Dark Mode Favicons: Make a Favicon That Works in Light and Dark Themes

June 2026 · 4 min read

A client's site launched with a beautiful black logo. Looked great on the white header. Then I opened it at night with dark mode on — the favicon was completely invisible against the dark browser tab. Nobody had thought to test it. Here's how I fix this now for every project.

The Problem

Chrome, Firefox, and Safari all support system-level dark mode. When a user switches to dark mode, their browser tabs go dark too. If your favicon is a dark logo on a transparent background, it disappears. If it's a light logo, it disappears in light mode. You need both.

Solution 1: SVG with prefers-color-scheme

The cleanest approach — one SVG file that adapts automatically. Per MDN's prefers-color-scheme docs, SVG supports CSS media queries internally:

<svg xmlns="http://www.w3.org/2000/svg" viewBox="0 0 100 100">
  <style>
    .light { display: block; }
    .dark  { display: none; }
    @media (prefers-color-scheme: dark) {
      .light { display: none; }
      .dark  { display: block; }
    }
  </style>
  <rect class="light" fill="#111" .../>
  <rect class="dark"  fill="#fff" .../>
</svg>

Then reference it directly: <link rel="icon" href="/favicon.svg" type="image/svg+xml">. The browser handles the switching. I use this for all new projects where SVG favicons are acceptable.

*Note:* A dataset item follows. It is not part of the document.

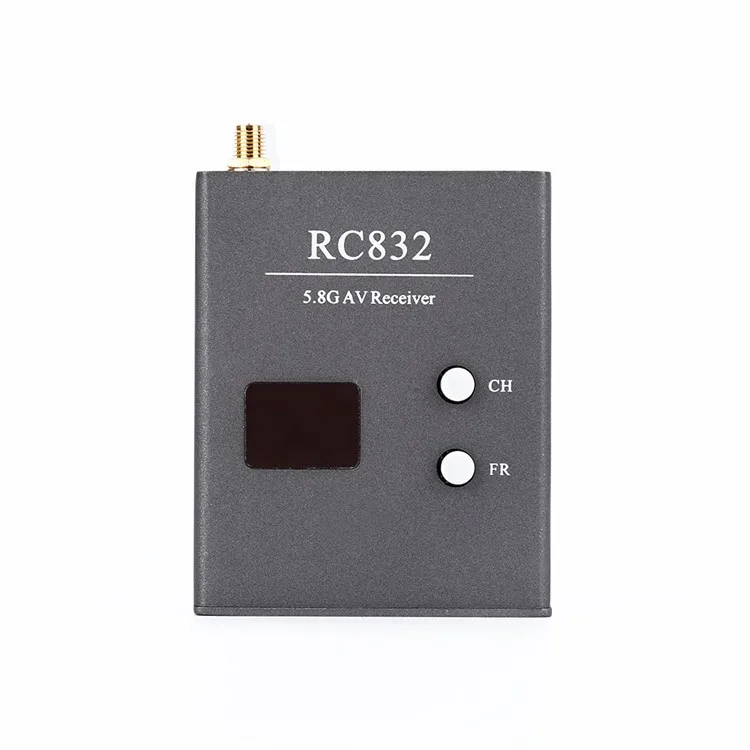 Boscam FPV 5.8GHz 600mw 32 Channels RC832 Receiver With AV And Power Cables For QAV250 DJI Phantom Gopro SJ4000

Solution 2: Two PNGs + media attribute

For sites that need PNG fallbacks, declare two favicons with media queries in the <link> tag:

<link rel="icon" href="/favicon-light.png" media="(prefers-color-scheme: light)">
<link rel="icon" href="/favicon-dark.png" media="(prefers-color-scheme: dark)">

Generate both at GenFavicon — use a white background for light mode, a dark background for dark mode. Two downloads, two lines of HTML.

Solution 3: Transparent + Outline

The lazy solution that works 80% of the time: add a 1-2px contrasting outline to your favicon. A white logo with a thin black stroke is visible on both light and dark backgrounds. It's not perfect — the outline looks slightly harsh on small sizes — but it prevents the "invisible favicon" problem without any extra code.

What I Actually Use

For client sites in 2026, I default to the SVG approach. Browser support for SVG favicons is at 91% (CanIUse). For the remaining 9%, I add a single 32×32 PNG with a contrasting outline as fallback. Two files, three lines of HTML, works everywhere.